Nous avons fait 64 000 entrées pour le film de Dany Boon dans une ville qui ne compte que 38 000 habitants. Les gens accouraient de 40 à 60 km aux alentours pour venir le voir car ils savaient qu’on avait de la place"
Judith Reynaud
exploitante

La meilleure publicité possible pour les Enfants du Paradis qui venait de voir le jour.

2008, c’est aussi le moment où sa soeur Olivia la rejoint. Tout d’abord en renfort pour soutenir Judith dans le projet chartrain où Olivia se concentre sur la programmation art et essai, apprenant son métier sur le tas. Cinq ans plus tard, elle s’occupe de la programmation de l’ensemble des salles : « Nous sommes comme un couple qui a vécu des hauts et des bas, dit Olivia de sa relation avec sa sœur. Nous avons su trouver chacune notre place et cela a renforcé nos liens. La preuve que ça fonctionne ? Ça fait 10 ans que ça dure ! »

10 ans pour l’une et 20 ans pour l’autre. De quoi voir toutes les évolutions du cinéma contemporain. Pour Judith, le plus grand défi a été la nécessité de se structurer afin de faire survivre les indépendants dans un environnement de plus en plus concurrentiel et de plus en plus encadré. « Du temps de ma mère, c’était plus simple.
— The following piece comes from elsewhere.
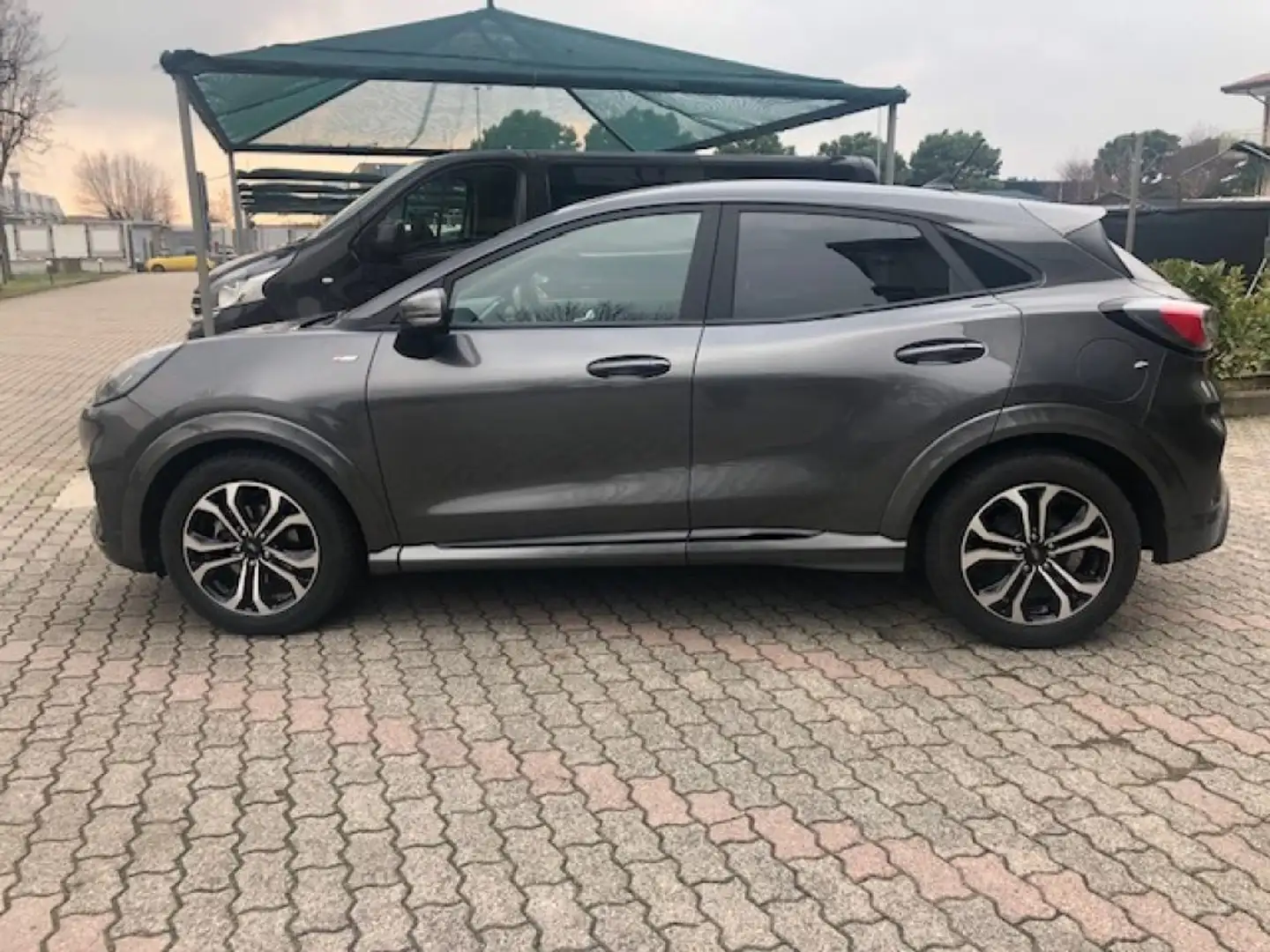 Ford Puma 1.0 EcoBoost Hybrid   ST-Line,Apple CarPlay Gris - 2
Les rôles étaient clairs et le métier peut-être plus artisanal. Aujourd’hui, la part de l’administratif est considérable… Il faut avoir une solide formation commerciale et devenir un vrai chef d’orchestre », précise cette patronne de 35 salariés. Et il faut développer son réseau pour mieux résister. Judith est membre du conseil d’administration de Cinéo qui rassemble des indépendants pour soulager les dépenses, avec une centrale d’achats et la collecte des VPF (Frais de copies virtuels) et a permis la naissance d’un syndicat pour se faire entendre à la Fédération nationale des cinémas français (FNCF). L’idée étant de proposer une offre alternative aux grands groupes du secteur : « C’est essentiel de conserver une diversité des modèles économiques même s’il n’est pas simple de lutter contre la captivité des publics (les habitudes des spectateurs qui se tournent vers les grands groupes, séduits par leurs cartes illimitées ou services que n’offrent pas les cinémas d’art et essai ndlr) ».

L’autre changement récent, celui-là souligné par Olivia, c’est la multiplication des sorties qui complique les choix des exploitants : « On ne peut pas passer à côté des blockbusters, mais nous souhaitons aussi faire découvrir d’autres types de cinéma, nos coups de cœur. Et il y a un public pour ça ! » Au-delà des infrastructures (image, son, sièges) qu’elles développent pour résister face à la piraterie ou aux sirènes du streaming, les deux sœurs misent beaucoup sur les rencontres notamment en se liant aux associations pour amener de nouveaux publics en salles. Et elles s’emploient également à séduire le public d’enfants avec le développement de ciné-petit déjeuner, d’ateliers autour des métiers du cinéma et de ciné-concerts.

Avec un cinéma à Nemours qui attire 40 000 spectateurs par an, deux à Fontainebleau (450 000 chacun) et un à Chartres à plus de 450 000, le duo couvre l’ensemble de l’exploitation tirant un constat sans équivoque : il faut soutenir la petite exploitation. « Chez nous ce sont les grands qui aident les petits », conclut Judith Reynaud comme un mantra pour expliquer la réussite de cette affaire de famille.